Scraped caption text data

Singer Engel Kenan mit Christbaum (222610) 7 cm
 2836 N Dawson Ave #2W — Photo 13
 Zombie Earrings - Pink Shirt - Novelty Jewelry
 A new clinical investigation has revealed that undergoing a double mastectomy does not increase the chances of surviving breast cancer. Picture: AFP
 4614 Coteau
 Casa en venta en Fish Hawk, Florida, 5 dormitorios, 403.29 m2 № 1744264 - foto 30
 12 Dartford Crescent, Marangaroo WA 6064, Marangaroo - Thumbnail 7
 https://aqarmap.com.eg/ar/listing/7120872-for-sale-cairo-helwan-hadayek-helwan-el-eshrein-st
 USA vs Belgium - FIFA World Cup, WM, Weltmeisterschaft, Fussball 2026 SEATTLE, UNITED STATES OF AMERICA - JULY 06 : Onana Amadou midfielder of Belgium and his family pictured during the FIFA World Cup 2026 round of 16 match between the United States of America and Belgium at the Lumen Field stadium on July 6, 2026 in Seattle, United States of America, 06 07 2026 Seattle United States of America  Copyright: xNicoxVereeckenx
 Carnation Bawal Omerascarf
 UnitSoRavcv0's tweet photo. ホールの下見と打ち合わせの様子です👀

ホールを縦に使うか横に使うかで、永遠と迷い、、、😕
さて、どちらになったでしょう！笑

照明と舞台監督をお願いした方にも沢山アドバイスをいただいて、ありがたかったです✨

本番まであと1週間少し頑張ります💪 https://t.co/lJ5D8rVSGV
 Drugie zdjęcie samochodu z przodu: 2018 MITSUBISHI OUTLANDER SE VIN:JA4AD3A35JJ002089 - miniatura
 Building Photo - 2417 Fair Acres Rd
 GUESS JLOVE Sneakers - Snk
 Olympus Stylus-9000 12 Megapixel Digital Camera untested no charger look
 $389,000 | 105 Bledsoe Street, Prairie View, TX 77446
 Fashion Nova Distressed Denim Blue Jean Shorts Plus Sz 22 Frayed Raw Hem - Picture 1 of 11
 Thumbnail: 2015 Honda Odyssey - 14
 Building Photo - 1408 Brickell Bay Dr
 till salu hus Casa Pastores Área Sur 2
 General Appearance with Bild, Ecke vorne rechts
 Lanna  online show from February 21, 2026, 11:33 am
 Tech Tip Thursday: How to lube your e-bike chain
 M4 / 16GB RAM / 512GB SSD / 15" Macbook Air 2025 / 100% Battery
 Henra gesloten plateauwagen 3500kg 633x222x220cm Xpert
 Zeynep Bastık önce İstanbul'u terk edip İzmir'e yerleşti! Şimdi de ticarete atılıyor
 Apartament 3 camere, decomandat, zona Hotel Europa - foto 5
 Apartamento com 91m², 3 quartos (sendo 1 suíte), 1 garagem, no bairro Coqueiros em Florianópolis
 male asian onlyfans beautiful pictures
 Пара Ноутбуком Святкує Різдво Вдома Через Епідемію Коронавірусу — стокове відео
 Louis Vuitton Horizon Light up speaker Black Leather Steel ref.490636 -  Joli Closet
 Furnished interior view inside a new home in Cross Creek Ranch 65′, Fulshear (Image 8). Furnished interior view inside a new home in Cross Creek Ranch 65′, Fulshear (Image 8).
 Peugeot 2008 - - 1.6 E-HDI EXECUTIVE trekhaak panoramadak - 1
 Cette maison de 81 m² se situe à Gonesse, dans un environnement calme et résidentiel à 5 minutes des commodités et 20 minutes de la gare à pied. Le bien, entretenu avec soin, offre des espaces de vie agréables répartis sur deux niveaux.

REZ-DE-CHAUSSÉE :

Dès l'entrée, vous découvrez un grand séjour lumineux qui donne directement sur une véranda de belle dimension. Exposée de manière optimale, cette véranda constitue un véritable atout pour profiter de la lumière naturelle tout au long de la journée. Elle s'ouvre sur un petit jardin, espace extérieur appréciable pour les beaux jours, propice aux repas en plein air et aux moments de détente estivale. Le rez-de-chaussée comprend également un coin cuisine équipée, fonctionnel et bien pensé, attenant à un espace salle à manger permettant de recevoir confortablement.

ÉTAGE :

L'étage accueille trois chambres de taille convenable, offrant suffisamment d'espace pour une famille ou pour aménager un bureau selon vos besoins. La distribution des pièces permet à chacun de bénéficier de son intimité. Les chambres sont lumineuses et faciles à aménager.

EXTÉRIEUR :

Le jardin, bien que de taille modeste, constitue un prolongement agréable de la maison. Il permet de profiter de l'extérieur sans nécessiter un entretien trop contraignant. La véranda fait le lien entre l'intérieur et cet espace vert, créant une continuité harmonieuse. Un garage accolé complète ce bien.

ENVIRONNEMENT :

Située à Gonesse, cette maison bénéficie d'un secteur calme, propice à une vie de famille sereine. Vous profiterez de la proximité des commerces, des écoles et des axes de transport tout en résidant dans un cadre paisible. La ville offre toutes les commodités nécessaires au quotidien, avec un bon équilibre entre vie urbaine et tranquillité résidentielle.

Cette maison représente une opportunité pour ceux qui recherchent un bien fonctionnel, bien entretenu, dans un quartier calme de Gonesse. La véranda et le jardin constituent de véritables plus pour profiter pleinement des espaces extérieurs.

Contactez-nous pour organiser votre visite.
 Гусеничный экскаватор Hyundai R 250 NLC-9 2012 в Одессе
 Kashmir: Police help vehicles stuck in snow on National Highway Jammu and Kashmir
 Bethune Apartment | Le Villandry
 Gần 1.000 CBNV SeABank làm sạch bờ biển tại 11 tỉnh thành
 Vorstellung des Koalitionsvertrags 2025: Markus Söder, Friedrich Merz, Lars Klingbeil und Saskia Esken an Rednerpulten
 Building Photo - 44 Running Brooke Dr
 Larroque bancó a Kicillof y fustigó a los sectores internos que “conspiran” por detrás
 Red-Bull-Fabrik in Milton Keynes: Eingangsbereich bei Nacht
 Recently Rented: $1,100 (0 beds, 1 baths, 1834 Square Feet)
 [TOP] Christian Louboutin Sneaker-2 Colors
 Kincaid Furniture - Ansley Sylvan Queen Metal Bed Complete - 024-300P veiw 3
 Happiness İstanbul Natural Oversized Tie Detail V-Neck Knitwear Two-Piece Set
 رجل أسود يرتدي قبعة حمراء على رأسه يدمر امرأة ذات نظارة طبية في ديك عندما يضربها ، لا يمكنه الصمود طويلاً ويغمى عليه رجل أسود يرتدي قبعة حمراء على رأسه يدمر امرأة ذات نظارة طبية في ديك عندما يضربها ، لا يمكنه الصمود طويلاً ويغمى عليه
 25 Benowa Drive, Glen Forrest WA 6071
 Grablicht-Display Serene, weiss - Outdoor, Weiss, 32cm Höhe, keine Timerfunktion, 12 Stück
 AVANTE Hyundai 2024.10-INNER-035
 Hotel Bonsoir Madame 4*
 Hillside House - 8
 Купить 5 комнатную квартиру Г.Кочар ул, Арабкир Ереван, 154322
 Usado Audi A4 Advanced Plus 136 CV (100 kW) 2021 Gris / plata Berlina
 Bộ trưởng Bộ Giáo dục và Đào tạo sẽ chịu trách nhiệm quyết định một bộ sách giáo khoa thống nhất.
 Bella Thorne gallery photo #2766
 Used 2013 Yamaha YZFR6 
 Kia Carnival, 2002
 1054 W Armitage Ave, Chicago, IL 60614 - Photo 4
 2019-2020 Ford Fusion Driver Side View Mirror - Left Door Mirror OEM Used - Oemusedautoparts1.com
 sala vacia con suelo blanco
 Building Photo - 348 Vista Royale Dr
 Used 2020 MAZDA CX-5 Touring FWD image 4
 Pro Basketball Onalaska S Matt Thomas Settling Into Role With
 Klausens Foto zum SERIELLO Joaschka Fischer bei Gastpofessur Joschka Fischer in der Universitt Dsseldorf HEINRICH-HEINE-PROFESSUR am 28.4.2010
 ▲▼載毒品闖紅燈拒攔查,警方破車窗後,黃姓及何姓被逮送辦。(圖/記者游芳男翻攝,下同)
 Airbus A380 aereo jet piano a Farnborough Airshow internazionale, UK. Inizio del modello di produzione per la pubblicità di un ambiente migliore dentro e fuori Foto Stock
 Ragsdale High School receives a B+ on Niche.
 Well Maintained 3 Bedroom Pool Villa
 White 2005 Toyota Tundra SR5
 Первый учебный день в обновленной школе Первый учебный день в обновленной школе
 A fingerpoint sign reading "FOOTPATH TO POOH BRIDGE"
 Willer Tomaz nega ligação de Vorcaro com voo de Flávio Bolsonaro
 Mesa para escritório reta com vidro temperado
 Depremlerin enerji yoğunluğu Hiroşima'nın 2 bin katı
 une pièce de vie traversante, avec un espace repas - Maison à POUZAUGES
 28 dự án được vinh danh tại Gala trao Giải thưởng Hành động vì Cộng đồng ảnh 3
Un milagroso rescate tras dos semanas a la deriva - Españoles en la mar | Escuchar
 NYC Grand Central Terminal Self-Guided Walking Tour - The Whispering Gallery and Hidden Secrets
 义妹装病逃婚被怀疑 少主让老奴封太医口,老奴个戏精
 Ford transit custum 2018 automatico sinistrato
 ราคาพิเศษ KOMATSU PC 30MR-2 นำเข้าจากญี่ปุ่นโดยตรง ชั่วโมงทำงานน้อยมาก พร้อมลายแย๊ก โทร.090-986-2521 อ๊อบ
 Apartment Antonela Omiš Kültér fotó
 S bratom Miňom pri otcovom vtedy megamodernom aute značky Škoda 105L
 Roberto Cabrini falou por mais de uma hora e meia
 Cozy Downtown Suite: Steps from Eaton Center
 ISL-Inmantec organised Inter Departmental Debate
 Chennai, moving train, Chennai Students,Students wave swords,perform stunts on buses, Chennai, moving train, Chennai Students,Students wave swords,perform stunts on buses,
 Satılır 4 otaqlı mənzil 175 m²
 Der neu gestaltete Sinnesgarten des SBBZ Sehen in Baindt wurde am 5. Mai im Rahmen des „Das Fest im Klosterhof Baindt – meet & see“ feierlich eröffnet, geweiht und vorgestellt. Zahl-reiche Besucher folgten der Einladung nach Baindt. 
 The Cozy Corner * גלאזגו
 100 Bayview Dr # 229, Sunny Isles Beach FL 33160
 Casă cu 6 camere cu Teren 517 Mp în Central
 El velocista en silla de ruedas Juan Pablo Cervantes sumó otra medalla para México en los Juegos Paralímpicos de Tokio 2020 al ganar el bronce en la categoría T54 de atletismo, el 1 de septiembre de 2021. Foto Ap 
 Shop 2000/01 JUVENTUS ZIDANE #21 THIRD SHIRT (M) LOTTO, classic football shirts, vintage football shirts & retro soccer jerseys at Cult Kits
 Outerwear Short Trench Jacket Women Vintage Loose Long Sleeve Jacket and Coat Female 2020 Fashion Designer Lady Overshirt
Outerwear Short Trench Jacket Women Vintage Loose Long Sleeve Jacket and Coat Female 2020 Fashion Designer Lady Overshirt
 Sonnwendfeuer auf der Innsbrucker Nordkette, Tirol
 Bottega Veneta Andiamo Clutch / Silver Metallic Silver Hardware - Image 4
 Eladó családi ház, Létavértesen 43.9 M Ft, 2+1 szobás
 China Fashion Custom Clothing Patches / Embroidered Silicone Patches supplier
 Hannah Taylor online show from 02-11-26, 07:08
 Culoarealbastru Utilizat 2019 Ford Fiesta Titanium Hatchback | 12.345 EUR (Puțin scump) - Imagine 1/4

What is being asked: Lines above containing "Casa": how many? Reply with the number only.

Answer box: 2